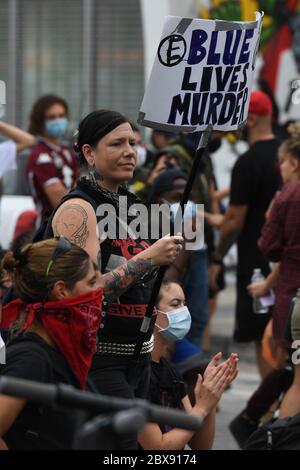 Wynwood, FL, USA. Juni 2020. Während der Proteste gegen George Floyd am 5. Juni 2020 in Wynwood, Florida, werden Demonstranten mit Schildern und Demonstrationen gesehen. Quelle: Mpi04/Media Punch/Alamy Live News Stockfoto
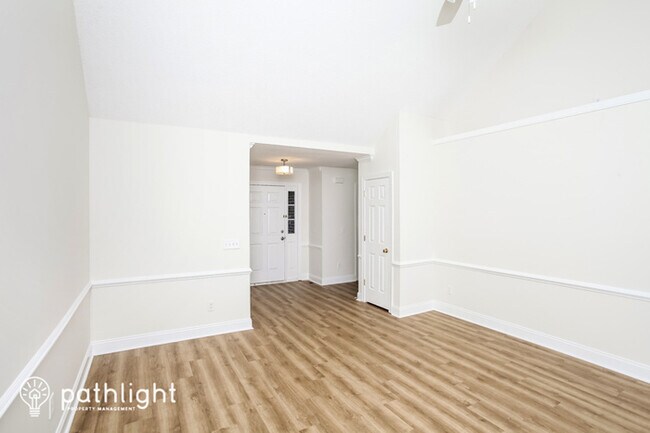 Building Photo - 600 Gladiolus Drive, Columbia, SC, 29229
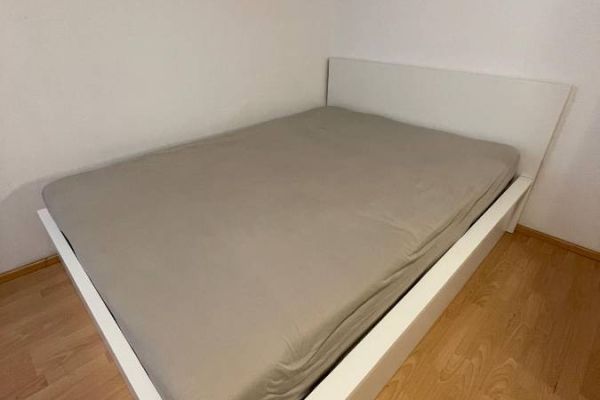 Bett 140x200 mit Stauraum, Lattenrost und Matratze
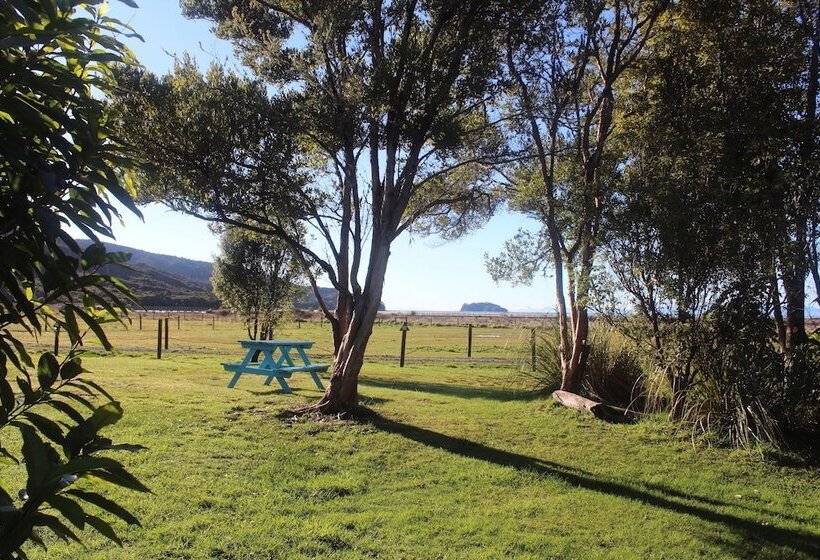 הוסטל The Barn Cabins & Camp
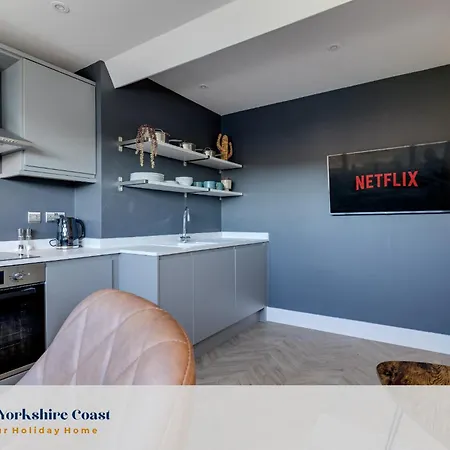 Apartament Cosy North Bay Vast Sea & Town Views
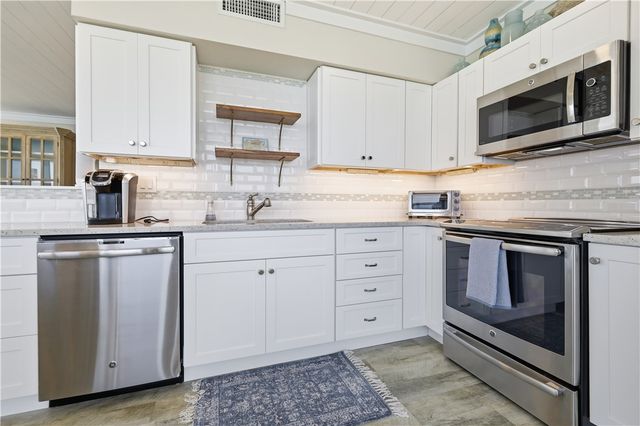 3554 Ocean Drive 403N, Vero Beach, FL 32963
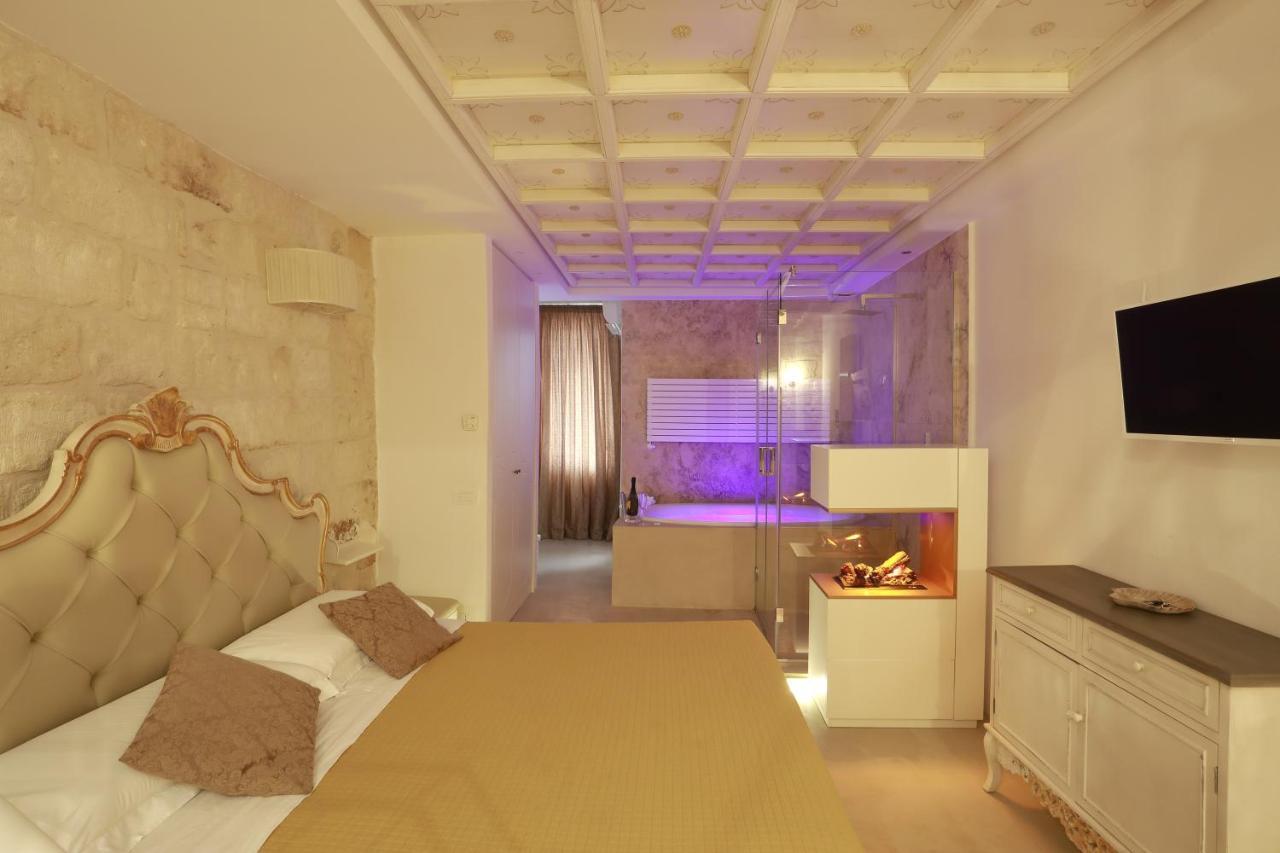 Palazzo Stapane Home Suite 9 - Luxury Living Monopoli Exteriér fotografie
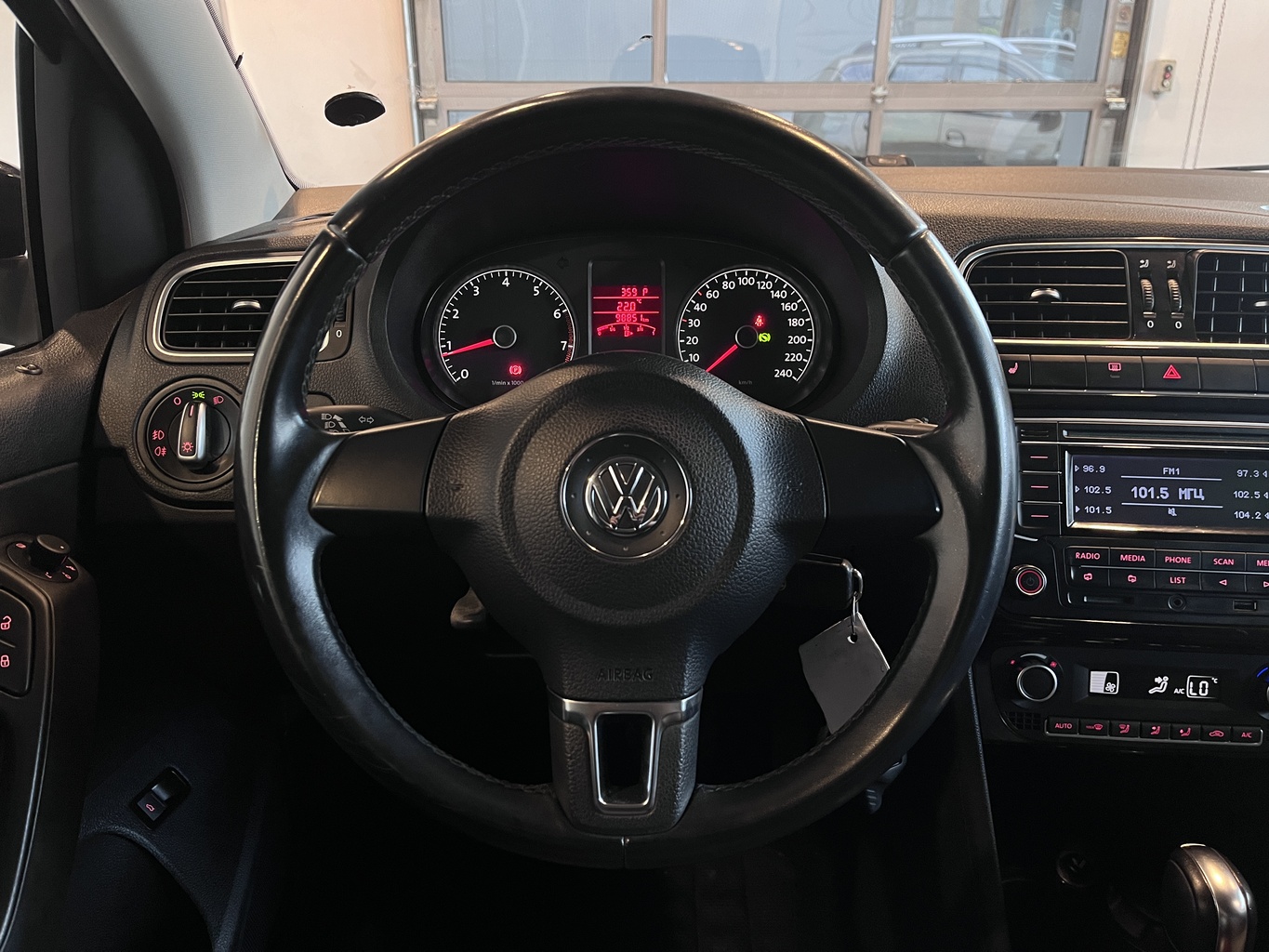 VOLKSWAGEN POLO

- **TASK**:
In the records above, find the line that contains "Palazzo Stapane Home" and repeat exactly that line and all lines after it to the end. Do not include pictures.

- **TASK RESPONSE**:
 Palazzo Stapane Home Suite 9 - Luxury Living Monopoli Exteriér fotografie
 VOLKSWAGEN POLO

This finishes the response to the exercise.